Real-life crime frames City Theatre drama |

Real-life crime frames City Theatre drama

Few among us look at the turning points in our lives without wondering where the road not chosen might have taken us.

Even if you’re like Erica Morini and Brian Skarstad, the two characters in “The Morini Strad,” and have made peace with your choice, it’s still possible to feel a lingering regret for the life not lived.

In Willy Holtzman’s play, now receiving its world premiere at City Theatre on the South Side, a rare and valuable violin becomes the device that allows Morini and Skarstad to confront these issues.

Morini, a real-life, once-famous concert violinist nearing the end of her life, hires Skarstad, a violin-maker turned violin restorer to repair some accidental damage to her multimillion-dollar Stradivarius violin.

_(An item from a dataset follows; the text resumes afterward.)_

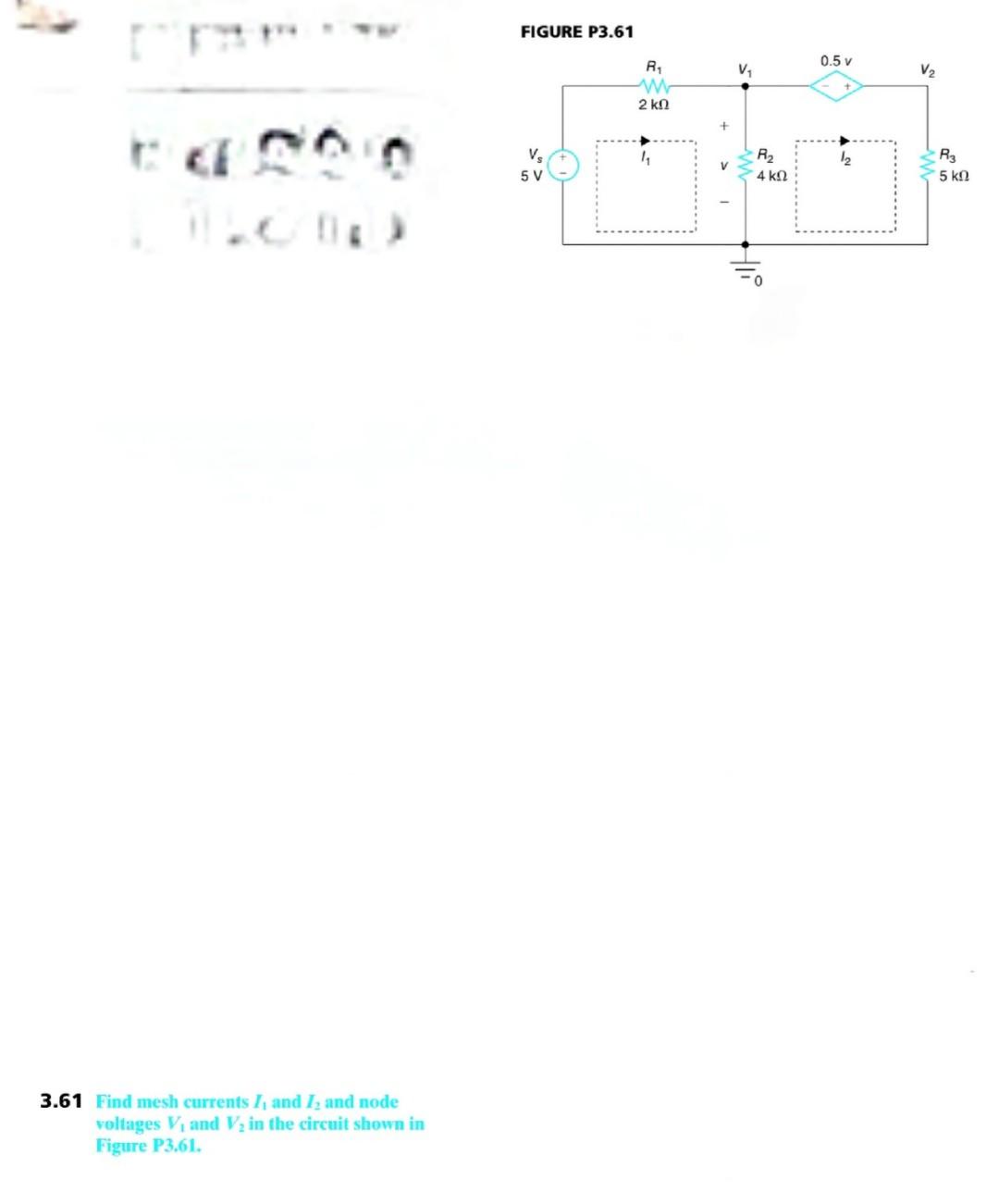 Solved 3.5 Find V1,I1, and I2 in the circuit shown in Figure | Chegg.com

They’re both prickly and temperamental. Against all odds, their client-service provider relationship evolves into a wary friendship.

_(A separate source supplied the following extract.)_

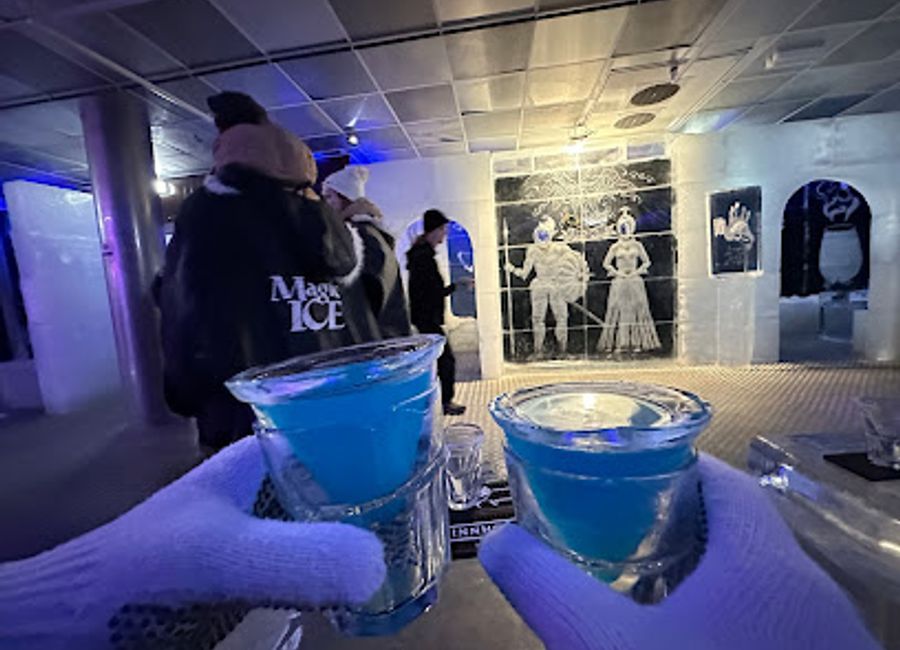Discover Magic Ice Reykjavík - where art meets frost in an unforgettable ice bar experience filled with stunning sculptures and creative cocktails.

Actor David Whalen’s Skarstad is a practical man who chose to support his wife and sons through the more dependable and lucrative repair work while relegating his love of creating violins to an occasional indulgence.

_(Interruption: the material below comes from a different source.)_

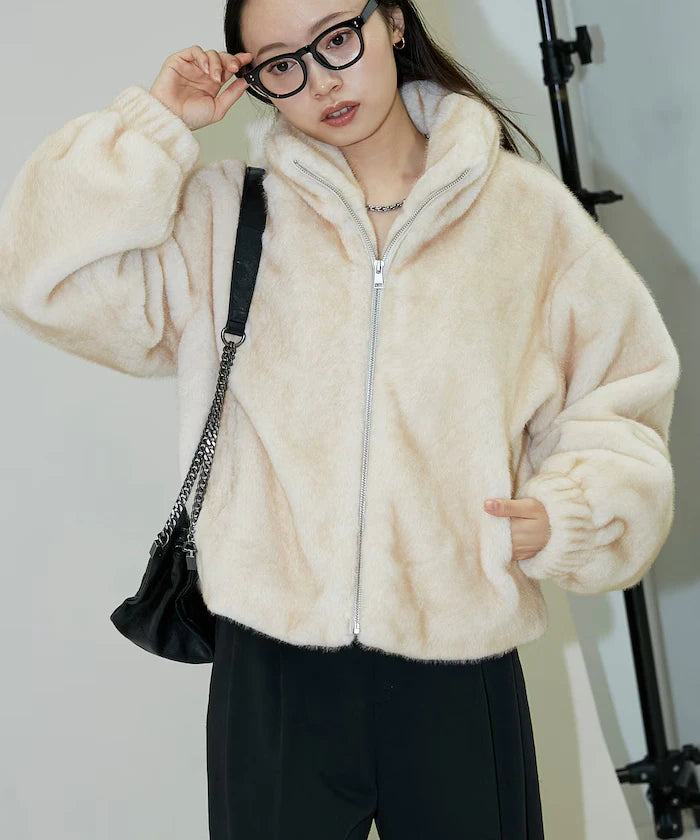 Short Length Fake Fur Blouson Limited Release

As the aging tart-tongued diva, Carla Belver’s Morini is properly imperious, demanding, suspicious and more than a little lonely. A child prodigy whose career was predetermined long before she made her 1920 Carnegie Hall debut at age 17, she has no regrets about the choices and sacrifices she made to sustain a successful artistic career. Still, she has reached the age where what-if questions and concern for a lasting legacy trouble her.

When Morini devises a plan that should bring peace to both of them, it looks like the drama has entered the express lane to a happy ending. But Morini and Skarstad are real people, and reality is often messy.

While Morini lies in a hospital, her violin mysteriously disappears from a locked cabinet in her apartment, robbing both characters as well as the audience from the comfort of complete closure.

Despite a $100,000 reward, the real violin is still missing. Known officially as the Davidoff-Morini Stradivarius. it is listed among the Top 10 Art Crimes on the FBI’s website.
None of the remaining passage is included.